TASK MATERIAL START

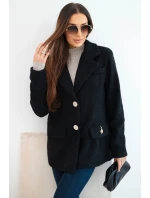 Dámská bunda z měkkého model 21908671 s límcem černá - K-Fashion
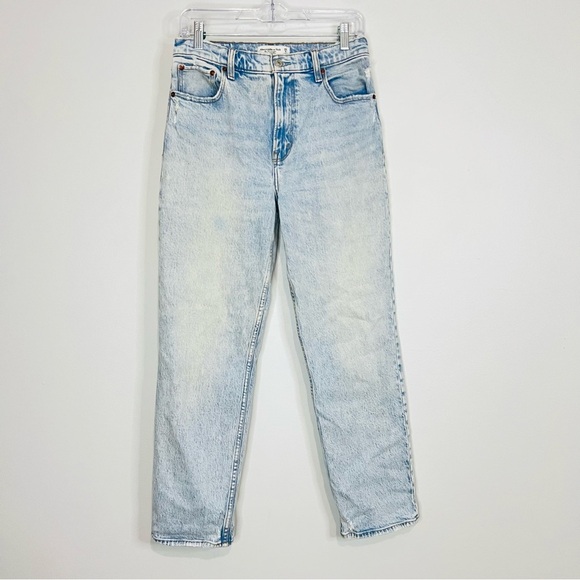 Abercrombie & fitch the 90s straight ultra high Classic Blue Denim Jeans size 6 - Picture 2 of 6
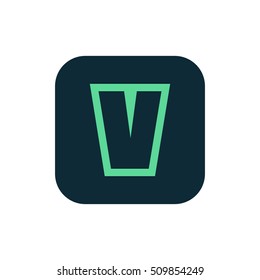 Letter V vector, logo. Useful as branding symbol, identity, alphabet element, square app icon, clip art and illustration.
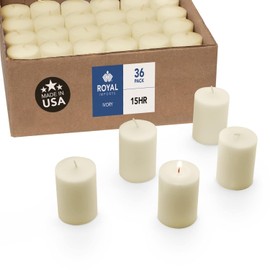 Votive Candles Unscented Candles for Wedding Centerpieces Ivory, Pack of 36 Dripless Wax for Parties, Aromatherapy, Devotional, Home Décor, Spas & Holiday Gifts – Royal Imports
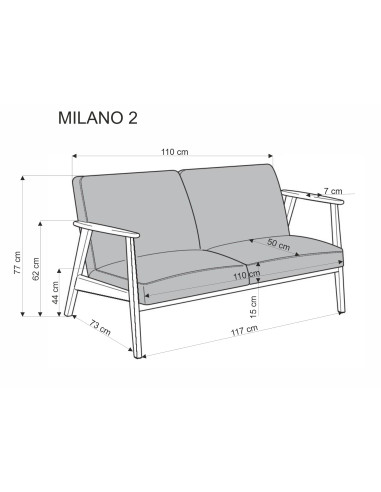 MILANO 2S sofa - oliwkowy tap. Castel 39 (1p 1szt)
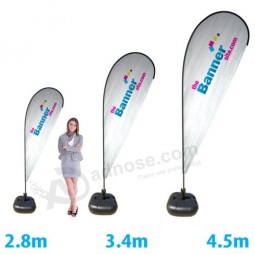 Tear Drop Flag Advertising Stampato Bandiera segno, include palo e base di acqua nera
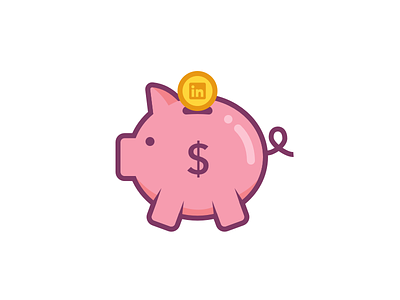 LinkedIn Piggy Bank Sticker dollar illustration linkedin money pig piggy bank sticker wlebovics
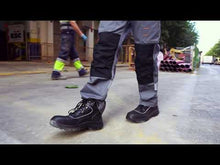 Load and play video in Gallery viewer, Mens Safety Boots Steel Toe Cap S3 SRC Work Shoes Ankle Leather Wide Fit 7752 Black Hammer
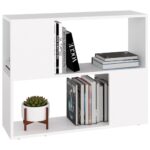Meuble TV Blanc 80x24x63 cm Bois d'ingénierie – Image 2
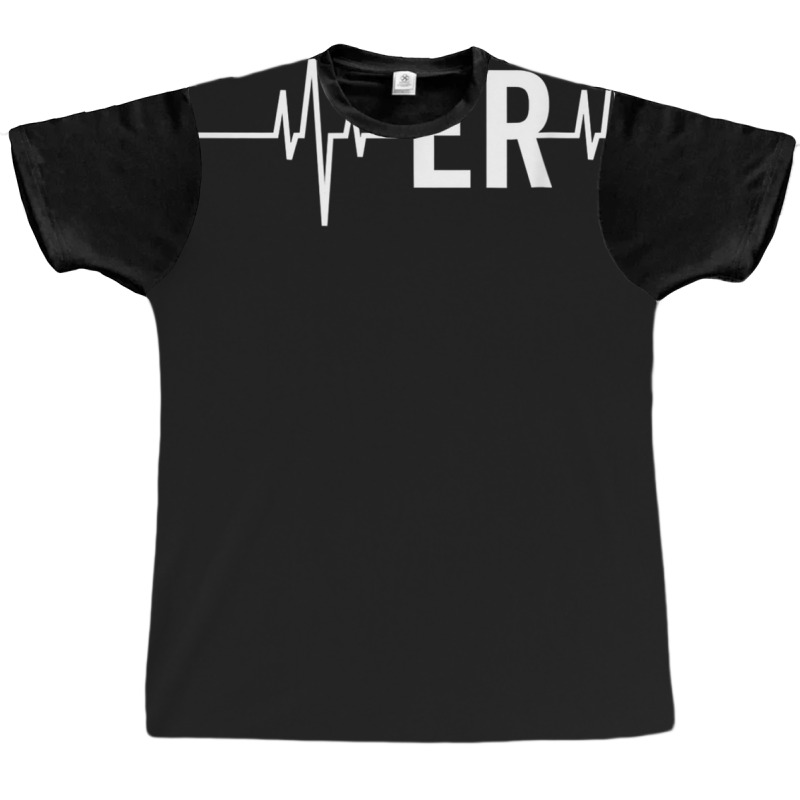 Emergency Medicine Physician Nurse Gift Er Heartbeat Graphic T-shirt | Artistshot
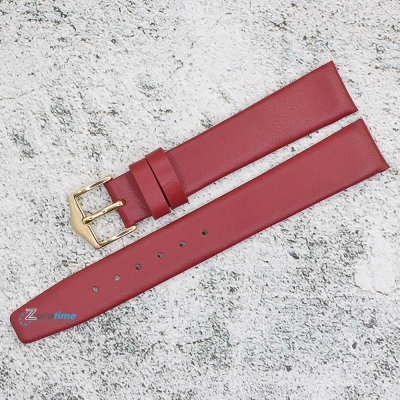 Каишка за часовник Azzuro Delux AZD16191G, Кожена, Бордо, 16мм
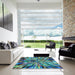 Square Patterned Blue Rug in a Living Room, pat812lblu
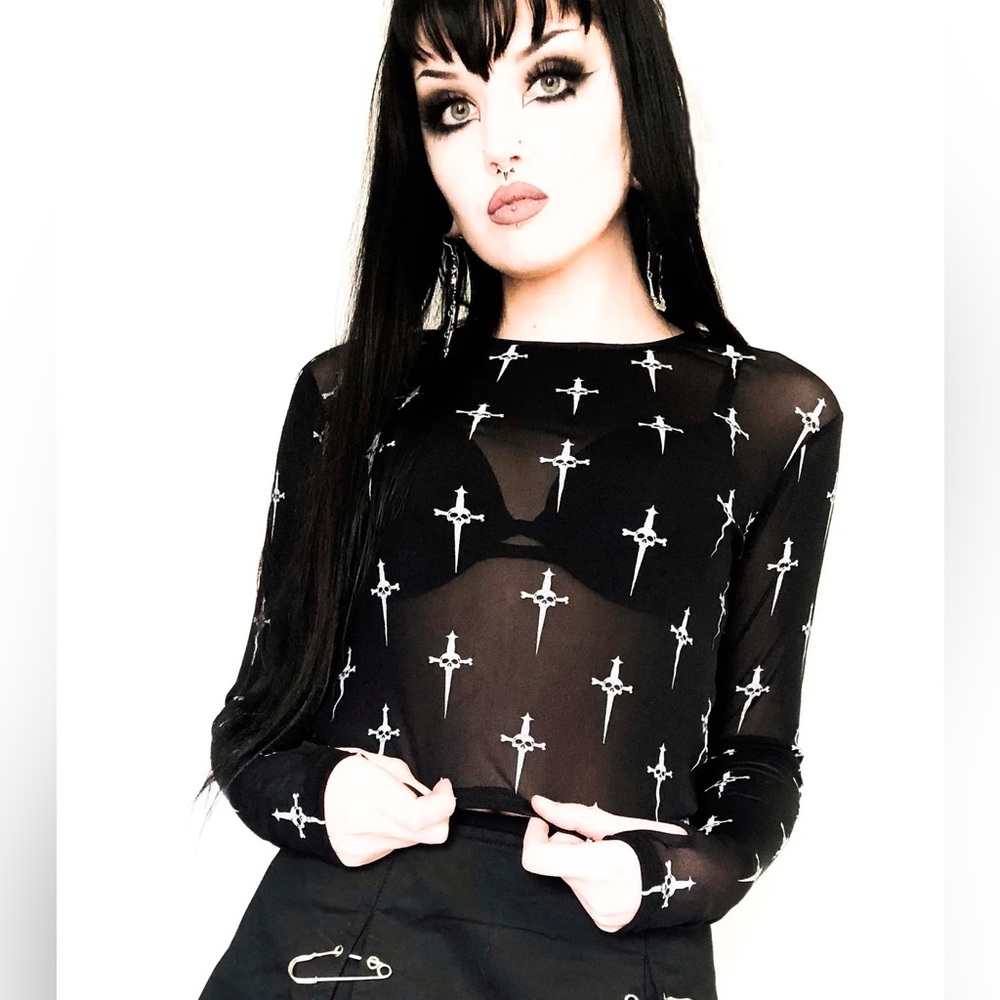 Lip Service Sheer Black and White Dagger Crop Top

TASK MATERIAL END

PROBLEM TO WORK ON: Every line above should be transcribed word for word; leave the pictures out.

SOLUTION:
 Dámská bunda z měkkého model 21908671 s límcem černá - K-Fashion
 Abercrombie & fitch the 90s straight ultra high Classic Blue Denim Jeans size 6 - Picture 2 of 6
 Letter V vector, logo. Useful as branding symbol, identity, alphabet element, square app icon, clip art and illustration.
 Votive Candles Unscented Candles for Wedding Centerpieces Ivory, Pack of 36 Dripless Wax for Parties, Aromatherapy, Devotional, Home Décor, Spas & Holiday Gifts – Royal Imports
 MILANO 2S sofa - oliwkowy tap. Castel 39 (1p 1szt)
 Tear Drop Flag Advertising Stampato Bandiera segno, include palo e base di acqua nera
 LinkedIn Piggy Bank Sticker dollar illustration linkedin money pig piggy bank sticker wlebovics
 Load and play video in Gallery viewer, Mens Safety Boots Steel Toe Cap S3 SRC Work Shoes Ankle Leather Wide Fit 7752 Black Hammer
Meuble TV Blanc 80x24x63 cm Bois d'ingénierie – Image 2
 Emergency Medicine Physician Nurse Gift Er Heartbeat Graphic T-shirt | Artistshot
 Каишка за часовник Azzuro Delux AZD16191G, Кожена, Бордо, 16мм
 Square Patterned Blue Rug in a Living Room, pat812lblu
 Lip Service Sheer Black and White Dagger Crop Top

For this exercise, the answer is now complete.